A Parigi scopre André Breton, il Surrealismo, l'automatismo,
conosce Mathieu, Wols, lavora con Miró, ampliando le sue conoscenze anche
tecniche e definendo il suo stile personale, come appare nel
quadro presentato, nei termini di un informale materico con
accenti di astrazione lirica, concretizzato in pennellate morbide
e poco vigorose, lontane, per esempio, dalla sensuale densità
di un Tapies.
Le superfici dal decorativismo armonioso, in una
pittura di sintesi in cui l'astrattismo mitiga la forza espressiva
dell'informale, ben rispecchiano il clima culturale ottimista
e positivo del dopoguerra, euforizzato da un generalizzato boom economico: il mercato dell'arte conosce una stagione d'oro,
questo stile è ben accetto ad una clientela benestante
e curiosa di novità e per Riopelle, come per tanti astrattisti
suoi contemporanei, arriva anche il successo commerciale.

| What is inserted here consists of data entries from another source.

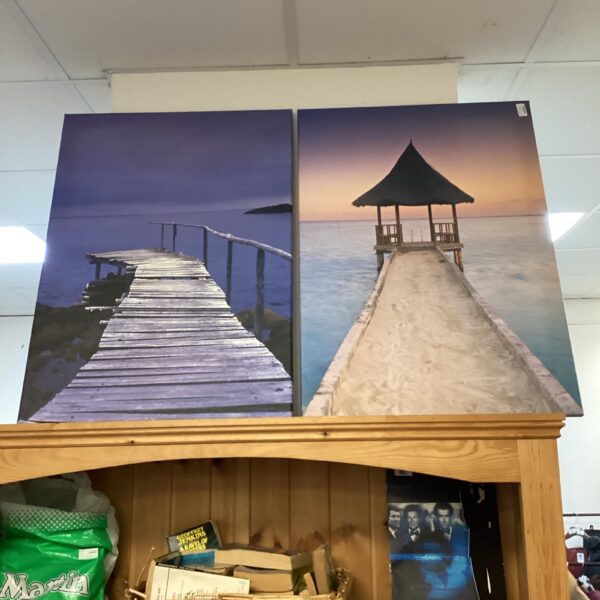 Large coastal canvas print depicting a wooden walkway and ocean view.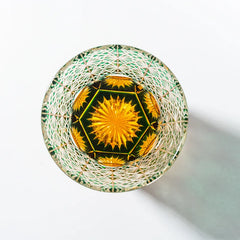 Edo Kiriko Emerald Starburst whisky glass base view showing green and gold starburst cut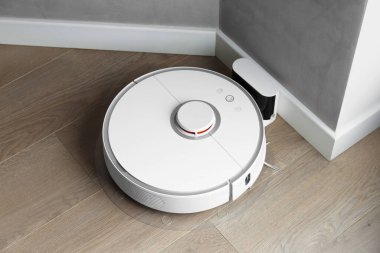 Beyaz robot elektrik süpürgesi yanaşma istasyonunda şarj oluyor. Akıllı temizlik, akıllı otomatik elektrik süpürgesi içerideki şarj istasyonuna bağlı..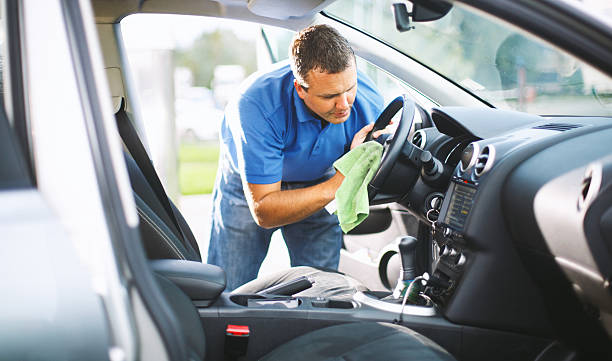 Sunday car wash. Closeup side view of mid 30's caucasian man cleaning upholstery of his car. He's sitting in driver's seat and wiping center console with soft green cloth. Both doors are ajar. This is his Sunday routine in spring and summer. Toned image. car interior stock pictures, royalty-free photos & images
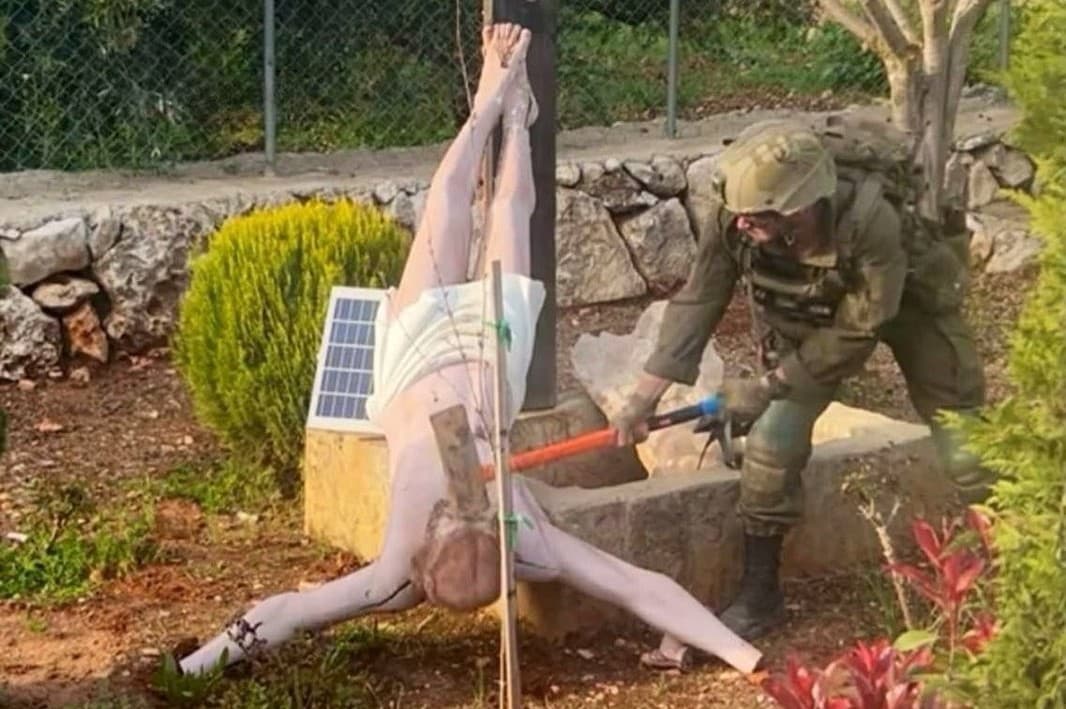 Israel’s military promises “necessary strict measures” against the soldier seen here destroying a Christian icon in an image from southern Lebanon that was widely circulated on social media Sunday.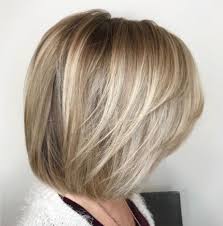 Angel wings with highlighted curls. 50 Mesmerizing Medium Length Layered Haircuts For 2020 Julie Il Salon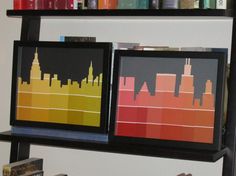 two framed cityscapes are sitting on a shelf in front of bookshelves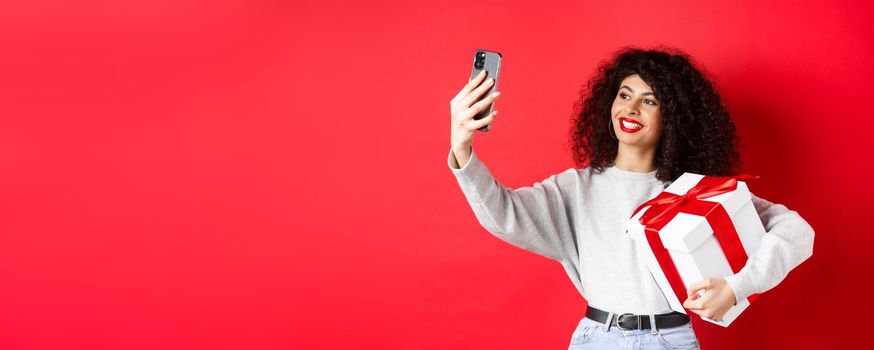 Happy young woman taking selfie with her valentines day gift, holding present and photographing on smartphone, posing on red background.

L'informale è uno stile che affonda nella materia, percependone
l'interna energia, la fisicità, facendo della materia
il mezzo ed il tema, senza altro aggiungere al quadro che lo
renda opera compiuta, la materia "ha" già tutto,
dal momento che "è": tuttavia vi sono leggere
differenziazioni, all'interno dell'Informale, che costituiscono
sottili linee di demarcazione, spesso violate, tra un informale
chiaramente materico, e faccio ancora riferimento a Tapies,
o Burri o Fautrier, ed un informale contaminato dall'astrattismo,
che potremmo definire segnico, come potrebbe essere quello di
Riopelle, o di Hans Hartung, per citare un artista a lui vicino.
L'ispirazione primitiva di Riopelle è indirizzata
verso la pittura di paesaggio, inteso in senso lato come astratta
rappresentazione di una natura interiorizzata in una sorta
di 'panteismo non figurativo', in virtù del quale,
entro un cromatismo che attinge ai colori della natura, l'immagine
si frantuma in una serie di piccoli segni, linee spezzate
e brevi, piccole macchie, come in questo " Diamond",
del 1966, olio su tela, 100x100 cm: questa tendenza calligrafica si
fa derivare dall'influenza della Scuola di Parigi ed anche
dalle suggestioni surrealiste che vogliono queste caratteristiche
segniche indice di una interiore attività psichica.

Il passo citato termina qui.